A Multiplication Operation is an algebraic operation composed of a sequence of one or more multiplication function.



References

2015

  • (Wikipedia, 2015) ⇒ http://en.wikipedia.org/wiki/multiplication Retrieved:2015-1-17.
    • Multiplication (often denoted by the cross symbol “×", or by the absence of symbol) is one of the four elementary, mathematical operations of arithmetic; with the others being addition, subtraction and division.

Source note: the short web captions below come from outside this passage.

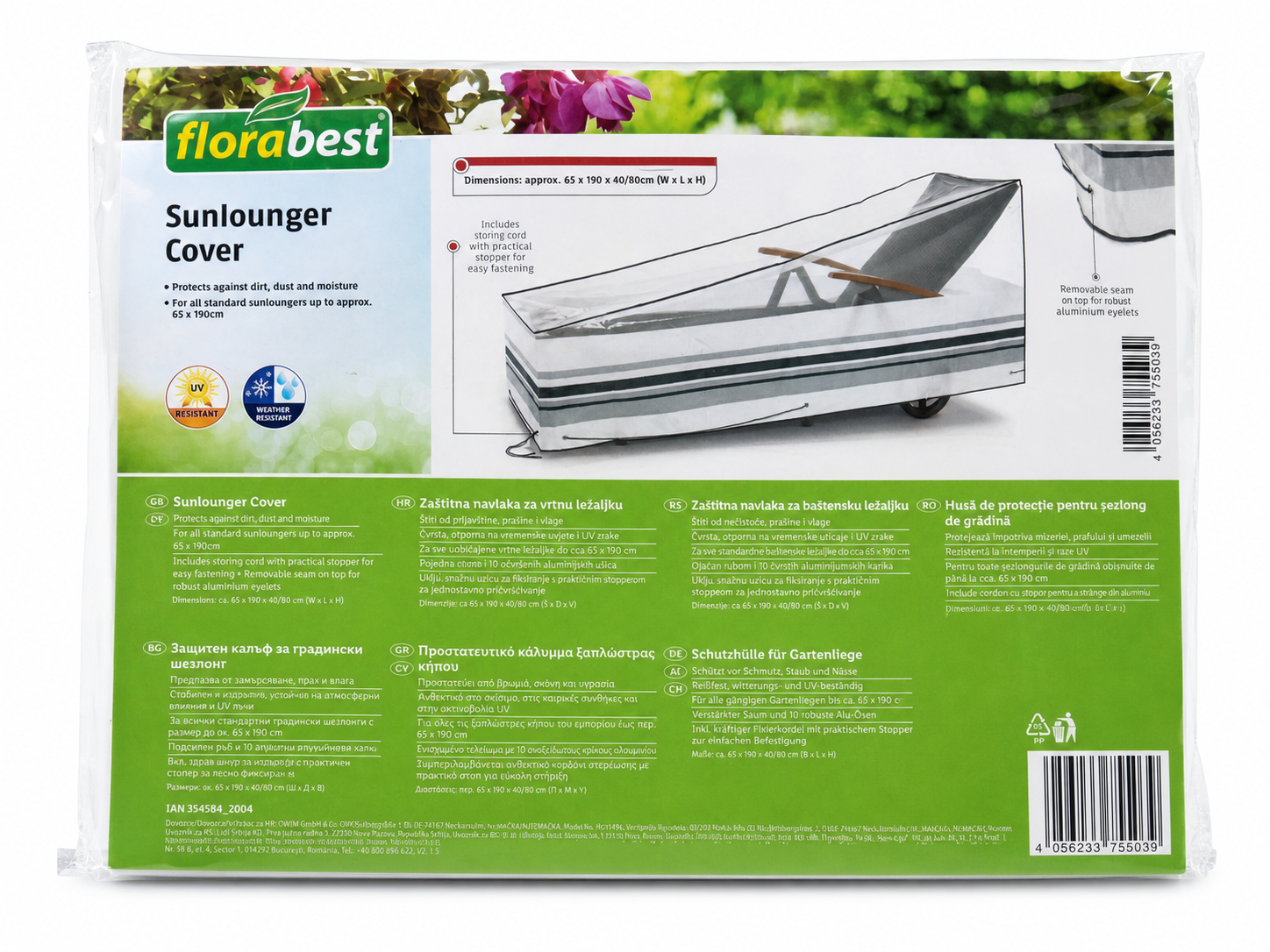 Funda protectora para tumbona 65 x 190 x 40/80 cm resistente a rayos UV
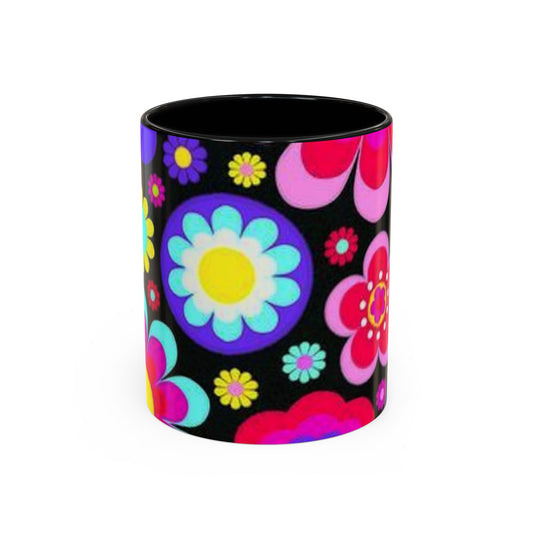 Vibrant Floral Accent Coffee Mug | Colorful Flower Mug for Home & Office, Gift for Women, Mother's Day, Bright Kitchen Decor, Fun Drinkware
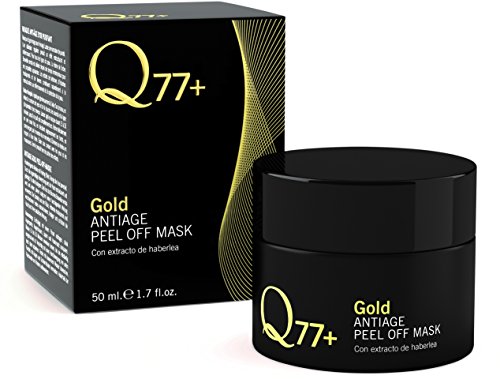 Q77+ GOLD PEEL OFF MASK | MASCARILLA FACIAL REAFIRMANTE con Ácido Hialurónico | Mascarilla Facial con Oro 24K | Mascarilla para Cara Antiarrugas | Tratamiento Facial Antienvejecimiento | 50 ml.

      The multiplication of two whole numbers is equivalent to the addition of one of them with itself as many times as the value of the other one; for example, 3 multiplied by 4 (often said as "3 times 4") can be calculated by adding 3 copies of 4 together:  :[math]\displaystyle{ 3 \times 4 = 4 + 4 + 4 = 12 }[/math]

      Here 3 and 4 are the "factors" and 12 is the "product".

      One of the main properties of multiplication is that the result does not depend on the place of the factor that is repeatedly added to itself (commutative property). 3 multiplied by 4 can also be calculated by adding 4 copies of 3 together:  :[math]\displaystyle{ 3 \times 4 = 3 + 3 + 3 + 3 = 12 }[/math]

      The multiplication of integers (including negative numbers), rational numbers (fractions) and real numbers is defined by a systematic generalization of this basic definition.

      Multiplication can also be visualized as counting objects arranged in a rectangle (for whole numbers) or as finding the area of a rectangle whose sides have given lengths. The area of a rectangle does not depend on which side is measured first, which illustrates the commutative property.

      In general, multiplying two measurements gives a new type, depending on the measurements. For instance:  :[math]\displaystyle{ 2.5 \mbox{ meters} \times 4.5 \mbox{ meters} = 11.25 \mbox{ square meters} }[/math]  :[math]\displaystyle{ 11 \mbox{ meters/second} \times 9 \mbox{ seconds} = 99 \mbox{ meters} }[/math]

      The inverse operation of the multiplication is the division. For example, since 4 multiplied by 3 equals 12, then 12 divided by 3 equals 4. Multiplication by 3, followed by division by 3, yields the original number (since the division of a number other than 0 by itself equals 1).

      Multiplication is also defined for other types of numbers, such as complex numbers, and more abstract constructs, like matrices. For these more abstract constructs, the order that the operands are multiplied sometimes does matter.